§ PROBLEM DESCRIPTION:
The lines to transcribe run from the top of the material below to the line with "LBTODH 4PCS 8mm", inclusive. Leave the pictures behind.

Start of INFORMATION SHOWN

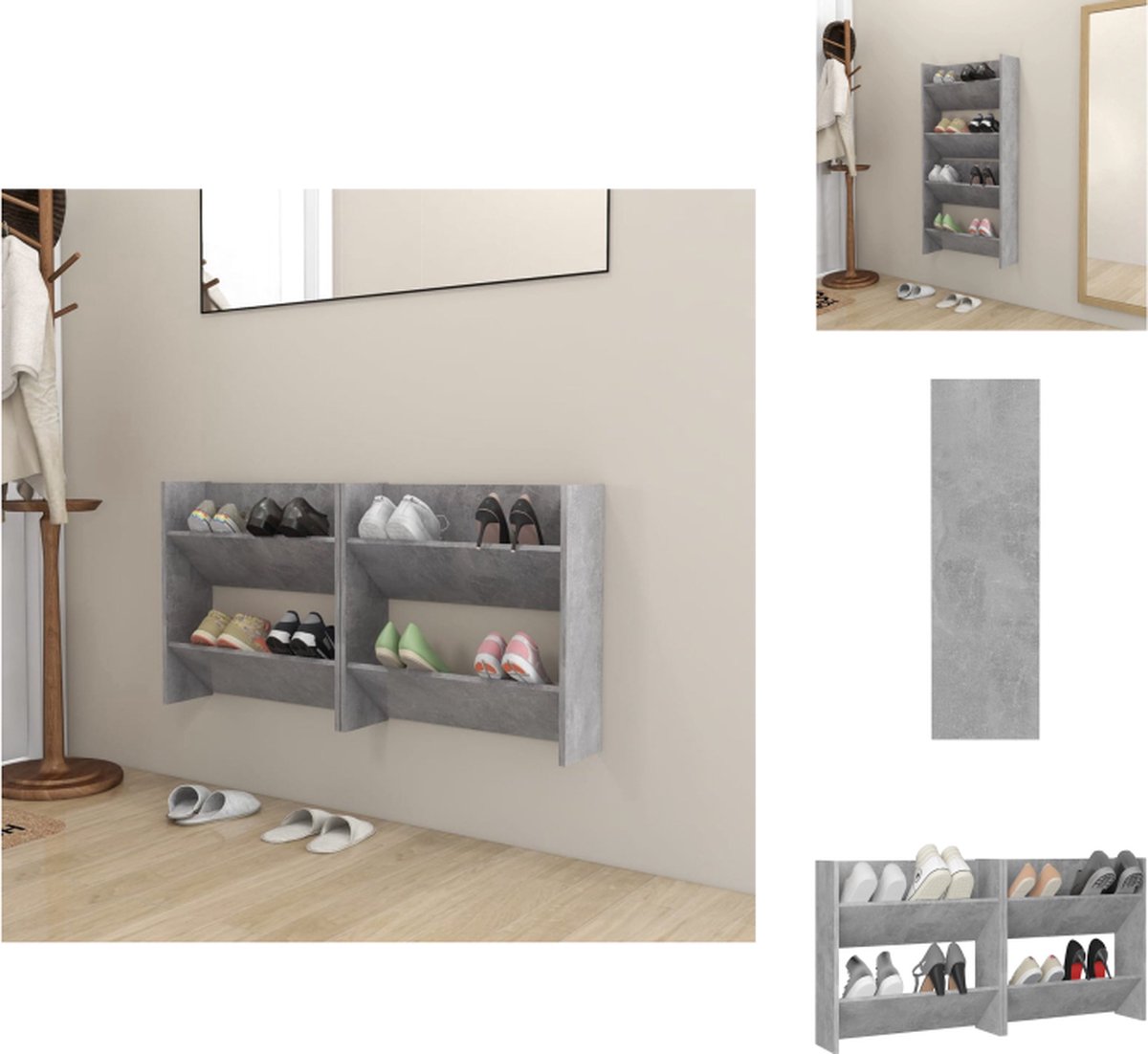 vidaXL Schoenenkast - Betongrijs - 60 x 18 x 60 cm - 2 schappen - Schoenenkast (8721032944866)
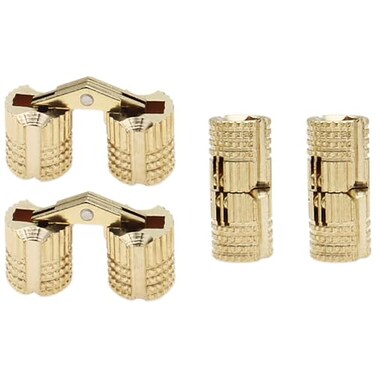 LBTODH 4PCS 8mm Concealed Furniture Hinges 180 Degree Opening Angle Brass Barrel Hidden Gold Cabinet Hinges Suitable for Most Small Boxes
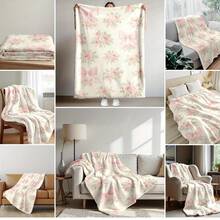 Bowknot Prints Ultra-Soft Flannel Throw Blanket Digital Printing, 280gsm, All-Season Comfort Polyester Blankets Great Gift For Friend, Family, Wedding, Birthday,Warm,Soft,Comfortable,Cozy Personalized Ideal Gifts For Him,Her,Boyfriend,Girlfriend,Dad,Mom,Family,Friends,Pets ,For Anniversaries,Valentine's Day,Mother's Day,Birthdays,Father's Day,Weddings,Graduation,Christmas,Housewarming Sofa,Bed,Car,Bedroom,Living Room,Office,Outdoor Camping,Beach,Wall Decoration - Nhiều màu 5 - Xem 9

End of INFORMATION SHOWN

§ OUTPUT FOR THIS TASK:
 vidaXL Schoenenkast - Betongrijs - 60 x 18 x 60 cm - 2 schappen - Schoenenkast (8721032944866)
 LBTODH 4PCS 8mm Concealed Furniture Hinges 180 Degree Opening Angle Brass Barrel Hidden Gold Cabinet Hinges Suitable for Most Small Boxes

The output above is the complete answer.